So within the library which Fra' Benedetto and the prior and the abbot knew about there had grown up another library, a library which those who read in it did not catalogue, and did not want catalogued.

The idea of a secret library within a library returned later in the evening when I showed some friends the following handwritten note that I had found in a copy of Gore Vidal's Lincoln (1984) that I had checked out from the Chicago Public Library's Bezazian Branch:
Lew Welch

Step out onto the Planet
Draw a circle 100 ft round

Inside the circle are
300 things nobody understands,
and, maybe
nobody's ever really seen.

How many can you find?

The Internet quickly revealed that Lew Welch was a beat and this one of his poems. But my initial search led me into some confusion, landing me on a site that, had, it seemed, the poem I was looking for. According to this site, it was called "Stepping Out," and it was ever-so-slightly different from the one in the book:
Step out onto the planet.

Draw a circle as big as you can throw a stone.

Inside that circle are
300 things that nobody understands, and, maybe
nobody's ever really seen.

How many can you find?

Pick one,
and protect it.
How, I thought, could someone who had taken the trouble to write this poem down and leave it in a book have left off the closing injunction, which the whole poem builds towards? And had they gone out and heaved a stone, discovering that they could throw it a hundred feet? Stacey quickly added the last two lines to the handwritten poem, her purple ink and distinct handwriting making them stand out even more than the poet intended.

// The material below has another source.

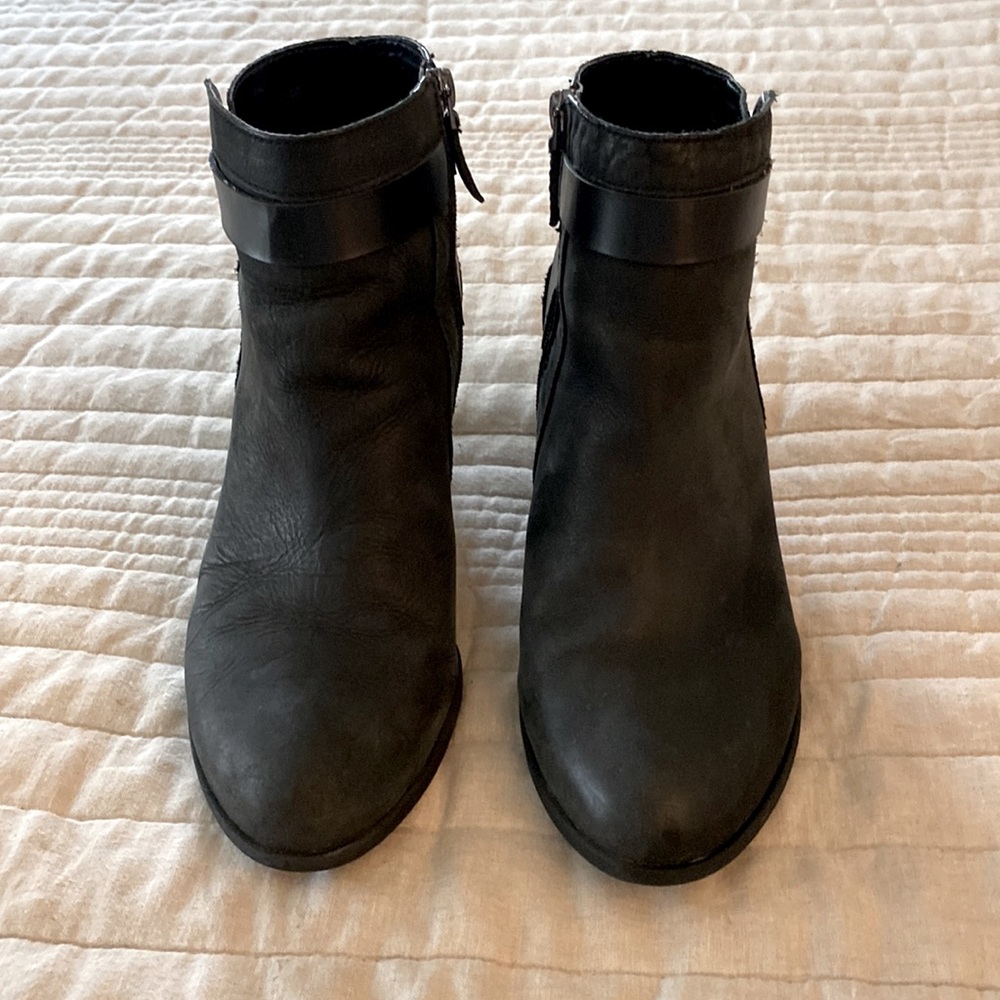 Size 11 Franco Sarto Black Dotty Leather Booties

But this morning as I was harvesting links for this post, I discovered that I had made a mistake: the longer poem is not a Lew Welch poem but a very close reworking by someone identified as tamo and noted as "After Lew Welch's 'Inside the Circle.'" The library's anonymous note-writer was correct in his transcription, and now, by combining Lew Welch's original and tamo's adaptation, we've created an ever-so-slightly different third poem.

I think this writing and rewriting, this doubling and mistaken identity, this anonymous communication would entertain John Crowley, would resonate with his fascination with the transmission of knowledge--passed through unknown hands and from mind to mind, altered by that sharing--down through the centuries. So I'll fold this note, tuck it in the pages of Aegypt, and return it to the library, helping the poem along in its travels and sowing further confusion for the next unsuspecting reader.